Vous n’en avez toutefois pas fini avec la politique : vous êtes toujours députée et présidente du groupe écologiste à l’assemblée.

Ah oui! D’ailleurs, tout le temps que je ne mettrais plus pour la politique communale, je vais le mettre dans la politique nationale. Je vais me concentrer sur les législatives de 2018 pour soutenir les verts. Je veux participer au développement des perspectives pour les cinq prochaines années.

La campagne des législatives a déjà commencé, non?

Oui, dès que les résultats des communales ont été annoncés.

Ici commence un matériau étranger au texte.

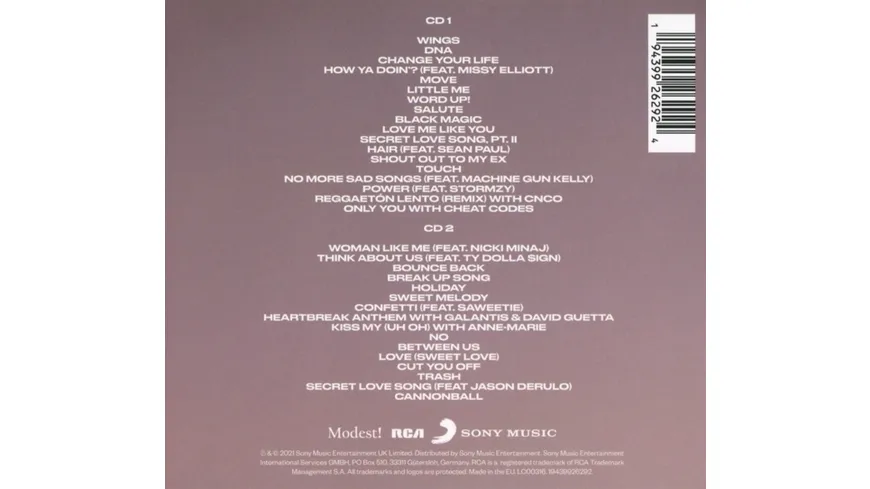Between Us (Deluxe)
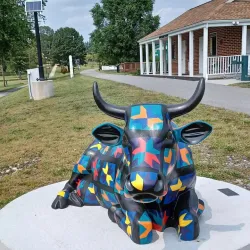 Cumberland Valley Rail Trail - Mechanicsburg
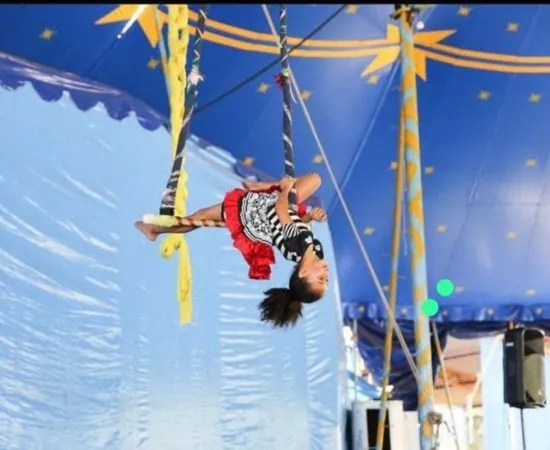 Quer aprender a arte do circo? Sesc oferece aulas de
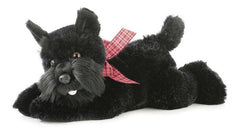 Peluche Flopsies - Sr. Nick 30cm Perro Escoces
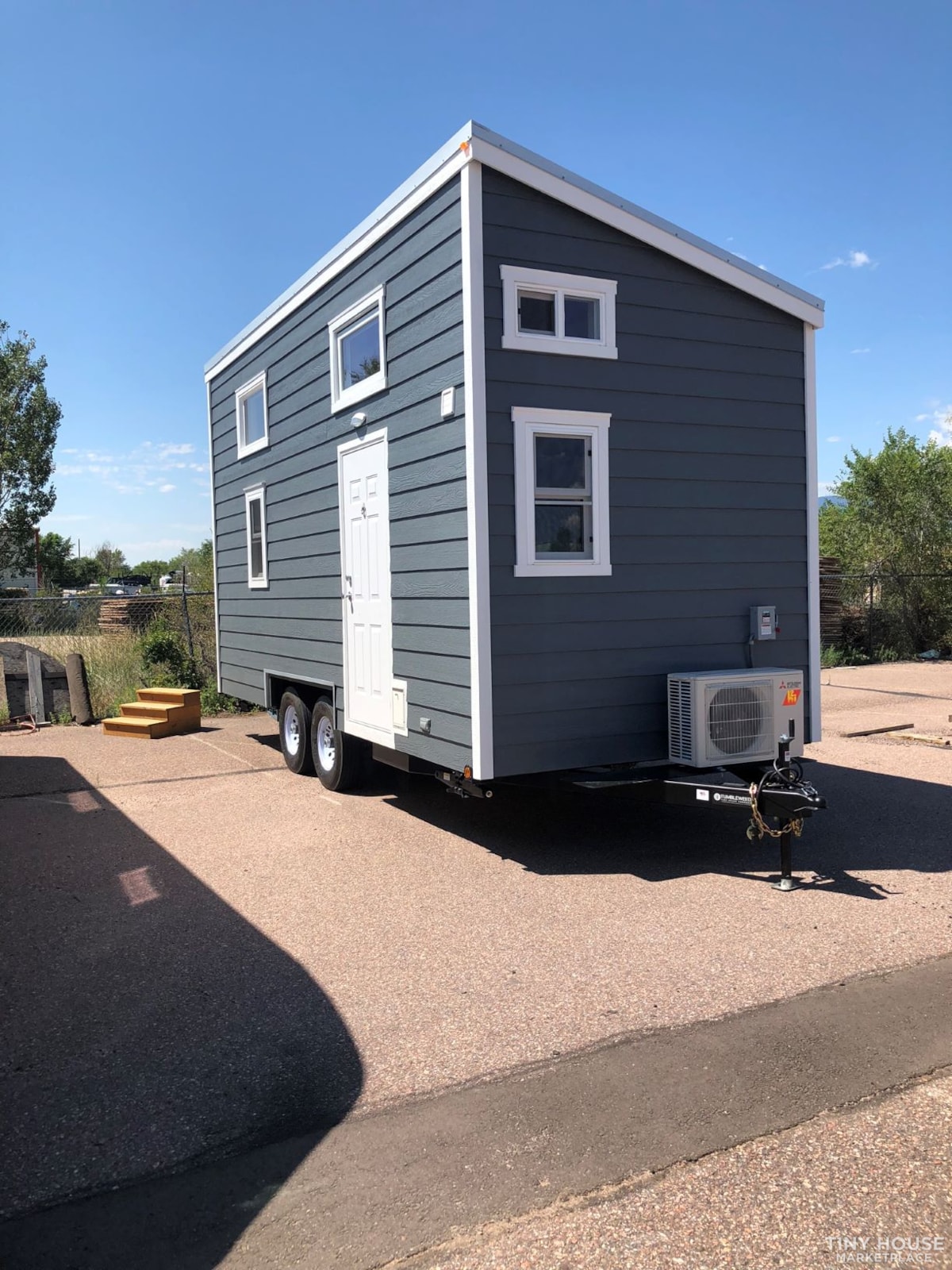 20' Tumbleweed Roanoke, RV Certified Tiny House on Wheels   - Image 3 Thumbnail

Entretien avec Erwan Nonet

Dites échevine, pas échevin!

En 2005, Viviane Loschetter accède à la fonction d’échevine de la Ville de Luxembourg. Le premier rapport tangible avec sa nouvelle fonction, c’est ce nouveau bureau qui lui est réservé au rez-de-chaussée de l’hôtel de ville. Au premier jour de sa nouvelle position, alors qu’elle vient s’installer, elle voit le petit panneau qui indique «Viviane Loschetter, échevin». «Ça ne m’a pas plu du tout! rigole-t-elle aujourd’hui. J’ai été voir le secrétaire général pour lui dire que ça n’allait pas, qu’il fallait écrire « échevine ». Il n’a d’abord pas voulu, arguant que le mot n’existait pas. J’ai insisté en expliquant que si, moi, je le disais, il fallait l’inscrire sur ma porte. Il a finalement accepté, mais le problème, c’est que toutes mes cartes de visite avaient déjà été commandées. Je les ai toutes fait refaire!»